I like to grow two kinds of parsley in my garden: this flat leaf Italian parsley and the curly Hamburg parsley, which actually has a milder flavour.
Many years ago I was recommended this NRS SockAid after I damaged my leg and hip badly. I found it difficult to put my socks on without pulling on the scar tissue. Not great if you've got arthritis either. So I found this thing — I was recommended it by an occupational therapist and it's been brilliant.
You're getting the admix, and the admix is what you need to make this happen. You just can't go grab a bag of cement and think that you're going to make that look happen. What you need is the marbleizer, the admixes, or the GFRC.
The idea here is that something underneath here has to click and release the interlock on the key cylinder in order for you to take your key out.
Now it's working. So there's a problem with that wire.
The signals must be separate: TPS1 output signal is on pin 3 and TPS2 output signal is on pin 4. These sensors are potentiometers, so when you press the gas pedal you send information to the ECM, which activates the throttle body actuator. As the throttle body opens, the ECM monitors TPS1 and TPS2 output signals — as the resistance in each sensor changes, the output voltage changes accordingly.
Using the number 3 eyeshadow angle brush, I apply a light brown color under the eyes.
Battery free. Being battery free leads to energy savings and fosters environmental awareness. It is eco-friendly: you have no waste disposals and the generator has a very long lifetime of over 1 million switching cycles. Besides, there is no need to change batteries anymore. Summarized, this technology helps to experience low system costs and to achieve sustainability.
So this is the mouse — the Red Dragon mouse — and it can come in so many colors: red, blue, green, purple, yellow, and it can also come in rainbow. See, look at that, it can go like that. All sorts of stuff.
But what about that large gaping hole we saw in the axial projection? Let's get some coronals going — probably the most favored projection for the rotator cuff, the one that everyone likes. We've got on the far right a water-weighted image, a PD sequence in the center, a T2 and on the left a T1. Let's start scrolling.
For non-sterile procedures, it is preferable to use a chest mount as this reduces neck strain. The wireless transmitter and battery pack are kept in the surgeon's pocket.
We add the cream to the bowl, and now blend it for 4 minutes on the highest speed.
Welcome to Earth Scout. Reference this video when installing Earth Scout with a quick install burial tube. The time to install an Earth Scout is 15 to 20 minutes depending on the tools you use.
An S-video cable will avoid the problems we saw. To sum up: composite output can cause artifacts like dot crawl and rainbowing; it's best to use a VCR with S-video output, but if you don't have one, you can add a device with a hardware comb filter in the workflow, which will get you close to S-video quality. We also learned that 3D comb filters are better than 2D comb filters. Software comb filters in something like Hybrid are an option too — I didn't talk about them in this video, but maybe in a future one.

:: Activity ::
Among the records above, find the lines where the word "going" appears and copy them.

:: Exercise response ::
You're getting the admix, and the admix is what you need to make this happen. You just can't go grab a bag of cement and think that you're going to make that look happen. What you need is the marbleizer, the admixes, or the GFRC.
But what about that large gaping hole we saw in the axial projection? Let's get some coronals going — probably the most favored projection for the rotator cuff, the one that everyone likes. We've got on the far right a water-weighted image, a PD sequence in the center, a T2 and on the left a T1. Let's start scrolling.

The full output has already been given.